● **SOURCE MATERIAL**:
+--

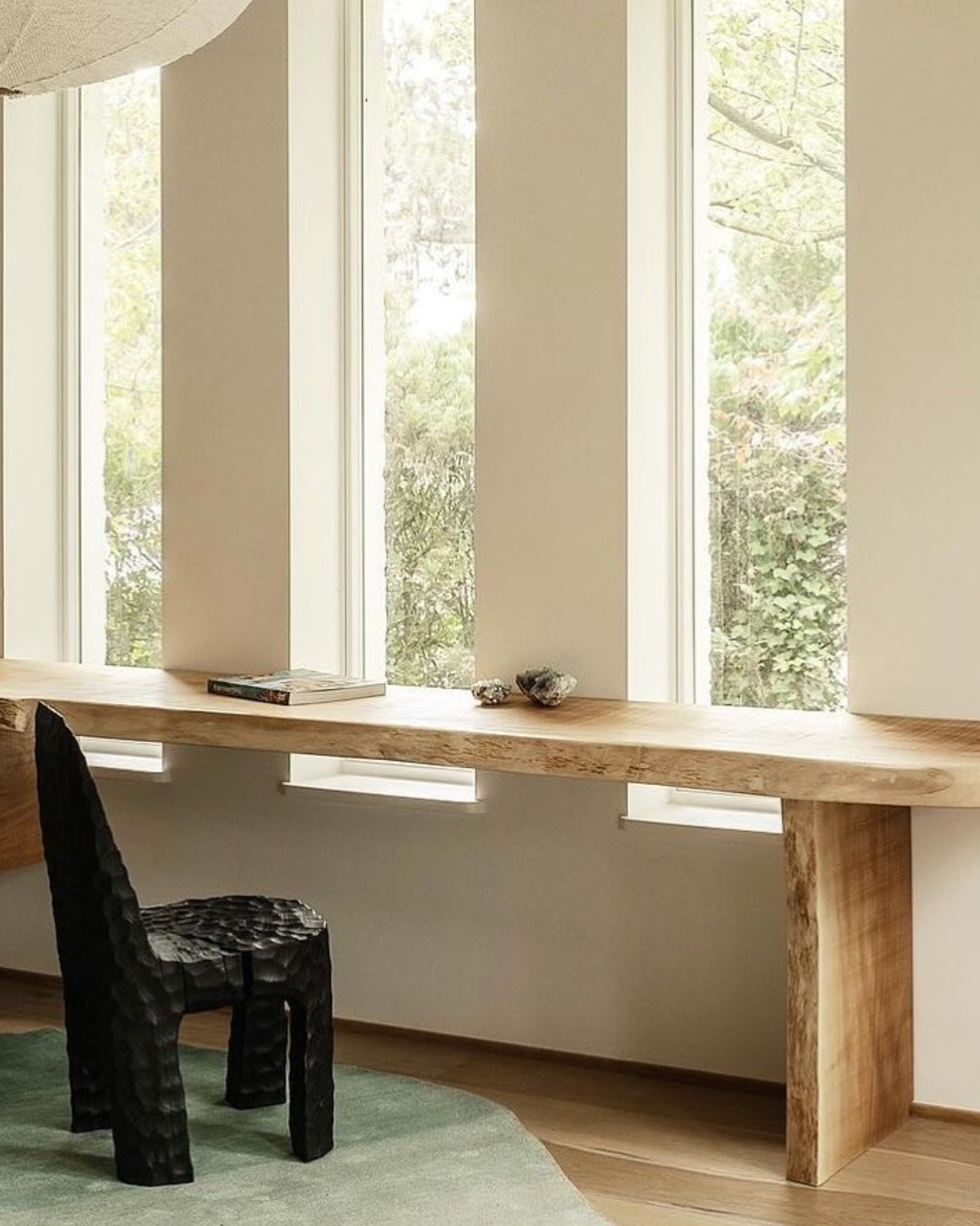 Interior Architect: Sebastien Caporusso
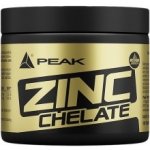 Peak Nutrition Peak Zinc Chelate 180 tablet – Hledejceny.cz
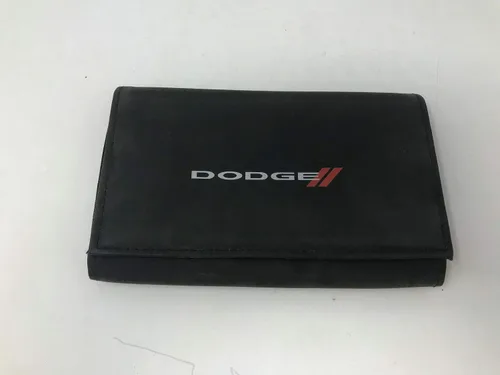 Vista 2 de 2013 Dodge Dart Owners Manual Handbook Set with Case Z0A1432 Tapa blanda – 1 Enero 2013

+--

● **YOUR GOAL**:
Transcribe the data exactly and leave no picture in the copy.

● **OUTPUT FOR THIS TASK**:
 Interior Architect: Sebastien Caporusso
 Peak Nutrition Peak Zinc Chelate 180 tablet – Hledejceny.cz
 Vista 2 de 2013 Dodge Dart Owners Manual Handbook Set with Case Z0A1432 Tapa blanda – 1 Enero 2013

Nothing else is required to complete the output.